No matter how many years might pass, there would never be any mistaking the vibrant, chaotic mass of orange-red curls of Stregoni Benefici.
"Hail, stranger," he called out cheerfully, shoving back his hood. He laughed when Stregoni whipped around, blue-gray eyes going wide.
"Brey!" Stregoni broke into a grin. "Well, I never! No one told me you were due to arrive today. Carmilla said they weren't sure, that little brat! She probably wanted to surprise me."
Aubrey attempted to smooth down his messy, light brown hair and returned Stregoni's smile as they drew even. "No doubt, knowing Milla. So tell me everything, Stregoni. What have I missed? How is Carmilla? Father? Gilles."
At the mention of Gilles, Aubrey's cousin who'd come to live with them when Aubrey was twelve, Stregoni's face abruptly clouded, pain flashing through his eyes before he smiled through it and recovered his levity. His fingers reached up to touch the pin nestled in his neck cloth, a beautiful enameled pink rose. It stood out bright against the dark cream stock, a lovely compliment to the deep forest green of his coat and the black winter cloak. "Your sister is doing relatively well, all things considered. I have put her on a new medicine, and I am headed there now to see how it has performed this past week, see what adjustments might be made. Lord Sangre is much the same," Stregoni said with a shrug. "Your cousin..." He grimaced and again touched the rose at his throat. "Gilles only grows worse with every passing year, I swear."
"I cannot say it surprises me," Aubrey said with a sigh.
Just days after his twelfth birthday, Sangre had brought Gilles home, and said he would be living with them from then on, and they should treat him as a brother. Why, no ever said. To this day, Aubrey did not know. So far as he knew, his Uncle George was alive and quite healthy, though he had always been an odd recluse who never left his estate.
Perhaps he was too much of a recluse to tend his own son; Aubrey simply did not know. Nor did he really care, as Gilles had always been a brat with a bit of a mean streak who strove to ensure he made no real sense to anyone.
Of the family, Gilles was the only one who bothered to move about society, traveling to the city every other Season or so, and tend to business matters that could not be addressed from the house.
Scowling, Aubrey switched the direction of his thoughts. "Is there anything about which I should be warned?"
Stregoni winced. "Actually, there is - and it did not make sense to me until I saw you, and now I'm afraid it is all too clear."
Aubrey groaned. "What?"
"Gilles left two weeks ago on a trip for which he would not give details. Not unusual for him, but he returned yesterday with a new Pet and said only it was not for him, but a present for 'someone special'. I assumed perhaps he was courting someone, even though he and your father have never been the type to treat their Pet the way so many others do."

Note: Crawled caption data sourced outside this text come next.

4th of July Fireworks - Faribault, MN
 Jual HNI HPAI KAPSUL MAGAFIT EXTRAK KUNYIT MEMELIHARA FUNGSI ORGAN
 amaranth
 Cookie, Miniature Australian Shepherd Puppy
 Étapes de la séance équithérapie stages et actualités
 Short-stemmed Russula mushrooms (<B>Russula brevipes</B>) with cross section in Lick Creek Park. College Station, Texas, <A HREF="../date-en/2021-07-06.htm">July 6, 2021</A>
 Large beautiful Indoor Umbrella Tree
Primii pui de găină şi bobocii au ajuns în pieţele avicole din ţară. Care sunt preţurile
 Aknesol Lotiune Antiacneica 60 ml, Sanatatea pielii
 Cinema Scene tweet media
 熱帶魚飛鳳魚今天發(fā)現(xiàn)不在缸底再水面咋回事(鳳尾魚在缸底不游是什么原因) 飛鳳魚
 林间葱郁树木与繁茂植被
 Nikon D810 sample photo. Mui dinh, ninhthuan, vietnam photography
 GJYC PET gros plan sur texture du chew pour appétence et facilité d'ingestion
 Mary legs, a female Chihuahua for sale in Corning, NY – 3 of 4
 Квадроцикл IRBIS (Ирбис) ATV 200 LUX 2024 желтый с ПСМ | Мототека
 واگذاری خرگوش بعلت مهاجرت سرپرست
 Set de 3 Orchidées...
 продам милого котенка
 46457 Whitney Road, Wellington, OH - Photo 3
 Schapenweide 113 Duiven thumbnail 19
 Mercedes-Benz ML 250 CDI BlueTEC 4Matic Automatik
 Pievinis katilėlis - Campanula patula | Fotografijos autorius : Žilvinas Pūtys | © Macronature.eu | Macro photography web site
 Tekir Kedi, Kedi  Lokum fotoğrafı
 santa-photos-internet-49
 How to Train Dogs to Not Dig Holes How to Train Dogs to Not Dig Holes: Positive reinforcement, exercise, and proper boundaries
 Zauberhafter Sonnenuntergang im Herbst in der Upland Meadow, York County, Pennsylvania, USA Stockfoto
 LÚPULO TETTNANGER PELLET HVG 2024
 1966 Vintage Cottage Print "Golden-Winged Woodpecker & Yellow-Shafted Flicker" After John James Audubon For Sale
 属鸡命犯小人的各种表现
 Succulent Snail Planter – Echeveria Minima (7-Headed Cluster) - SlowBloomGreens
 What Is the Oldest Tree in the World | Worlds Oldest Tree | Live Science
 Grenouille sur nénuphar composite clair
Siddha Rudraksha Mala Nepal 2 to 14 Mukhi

"Yet they keep Pets all the same," Aubrey said, mouth tight. "And now they're dragging me into it, even though I've always vehemently refused to have anything to do with the practice." He dragged a hand down his face. "Did they really buy me a Pet?"
"They have," Stregoni said, the paused before adding hesitantly. "He's quite handsome and seems friendly. I think your father is trying to extend a peace offering, or something in that vein, anyway."